Avec l’Île-de-France et la Bourgogne Franche-Comté, la Bretagne est l’une des trois régions françaises qui ne parvient pas à produire assez d’électricité pour couvrir ses besoins ; en 2017, elle a produit seulement 15% de son électricité consommée. Elle est donc largement dépendante des régions limitrophes pour son approvisionnement (les Pays de la Loire et la Normandie lui envoient une partie de leur production nucléaire). Mais ce mécanisme de capacité mis en place par RTE pour favoriser les échanges entre réseaux régionaux a une limite : en cas de pic de consommation, les régions dépendantes risquent le black-out. Un risque évité de peu en début d’année 2018, lorsque la vague de froid a touché la France…
Le réseau électrique breton a failli « tomber » en février 2018
Le mercredi 28 février 2018, à 19h16, la Bretagne n’est, en effet, pas passée loin du black-out. Selon Jean-Bernard Levy, lors de son audition devant l’Assemblée Nationale, c’est à cette heure précise que le réseau électrique français a enregistré son pic de consommation électrique le plus élevé depuis un an. La marge électrique n’était plus que de 400 MW, soit l’équivalent d’une centrale à gaz. Et face au risque de black-out, de l’aveu même du PDG d’EDF, le réseau électrique de Bretagne, le plus vulnérable de France, a bien failli « tomber ». Ironie du sort à l’heure de la transition énergétique, c’est grâce à la centrale à charbon de Cordemais, située à Nantes, que le réseau breton a tenu. Alors que de nombreux salariés étaient alors en grève, ils ont accepté de reprendre le travail pour maintenir la production de la centrale.

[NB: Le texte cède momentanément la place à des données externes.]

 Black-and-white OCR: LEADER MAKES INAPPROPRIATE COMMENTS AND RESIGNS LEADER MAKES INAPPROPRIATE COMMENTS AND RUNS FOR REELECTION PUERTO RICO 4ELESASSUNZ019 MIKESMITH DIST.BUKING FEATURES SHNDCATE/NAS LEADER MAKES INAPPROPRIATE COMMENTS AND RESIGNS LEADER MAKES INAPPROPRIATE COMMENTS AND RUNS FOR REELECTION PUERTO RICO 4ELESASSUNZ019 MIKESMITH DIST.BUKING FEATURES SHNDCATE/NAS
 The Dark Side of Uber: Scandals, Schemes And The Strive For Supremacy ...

Aucune centrale nucléaire, mais un parc éolien en progression
Si la Bretagne a tant de mal à faire face à ses besoins électriques, c’est à cause d’une production locale très limitée. Par le passé, la région a compté une centrale nucléaire, à Brennilis, dans le Finistère, mais le site a été fermé en 1985 sans jamais être remplacé par une autre centrale nucléaire. Depuis 1966, une partie importante de l’électricité consommée par la Bretagne provient de l’usine marémotrice de la Rance : avec une puissance de 240 MW, elle assure 18% de ma production électrique annuelle.
Pour augmenter la production d’électricité, la Bretagne a fait le pari des énergies renouvelables, en investissement massivement dans la filière éolienne. Désormais, la région compte 505 éoliennes terrestres, pour une puissance totale de 826 MW. Ce pari de l’éolien s’est avéré payant. Le 28 février dernier, les éoliennes ont aidé le réseau électrique breton à tenir pendant le pic de consommation : elles ont fourni 10 000 MW à elles seules, soit l’équivalent de dix réacteurs nucléaires.

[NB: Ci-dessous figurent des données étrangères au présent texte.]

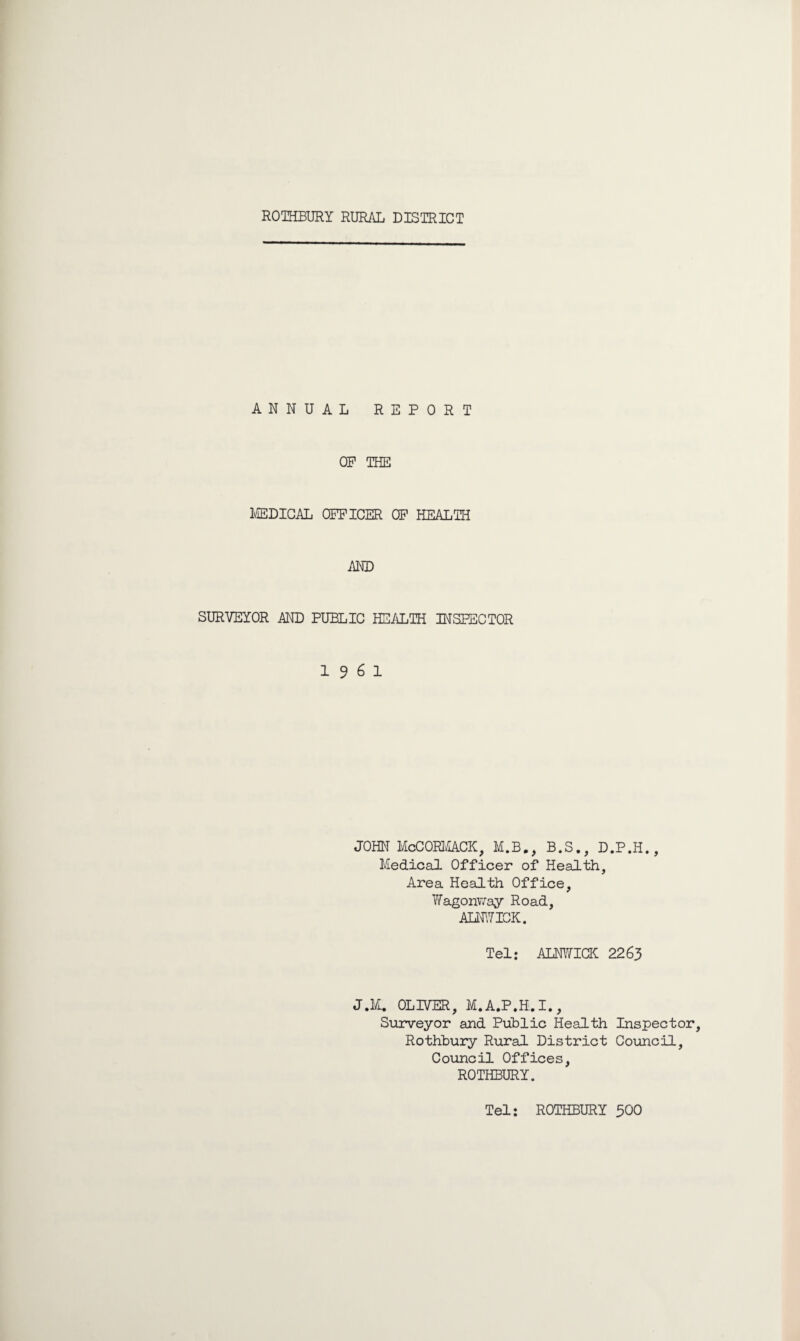 ROTHBURY RURAL DISTRICT ANNUAL REPORT OP THE MEDICAL OPFICER OP HEALTH AND SURVEYOR AND PUBLIC HEALTH INSPECTOR 19 6 1 JOHN McCORMACK, M.B., B.S., D.P.H., Medical Officer of Health, Area Health Office, Wagonway Road, ALNWICK. Tel: ALNWICK 2263 J.M. OLIVER, M.A.P.H.I., Surveyor and Public Health Inspector, Rothbury Rural District Council, Council Offices, ROTHBURY. Tel: ROTHBURY 500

Un hiver 2019 incertain pour le réseau électrique breton
EDF et RTE ont déjà annoncé que pour l’hiver 2019, plusieurs pics de consommation étaient à attendre sur le réseau national. Mais le réseau électrique breton les supportera-t-il ? Pour lutter contre la vulnérabilité énergétique de la Bretagne, RTE a assuré la sécurisation du réseau électrique breton grâce à la création d’un « filet de sécurité » en 2017 : une liaison souterraine de 225 kV entre Lorient et Saint-Brieuc.

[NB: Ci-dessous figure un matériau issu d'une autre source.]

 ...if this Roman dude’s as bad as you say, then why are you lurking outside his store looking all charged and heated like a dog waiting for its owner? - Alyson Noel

Par ailleurs, le gouvernement français a décidé, en 2011 de lancer la construction d’une nouvelle centrale à gaz en Bretagne, à Landivisiau, dans le Finistère. Mais le projet, confié à Direct Energie, n’avance pas, se heurtant à la forte opposition des habitants de la région. En avril dernier, le dossier a connu un nouveau rebondissement : Total serait sur le point d’acquérir 74,33% de Direct Energie, ce qui pourrait encore mettre en péril la construction de la centrale à gaz.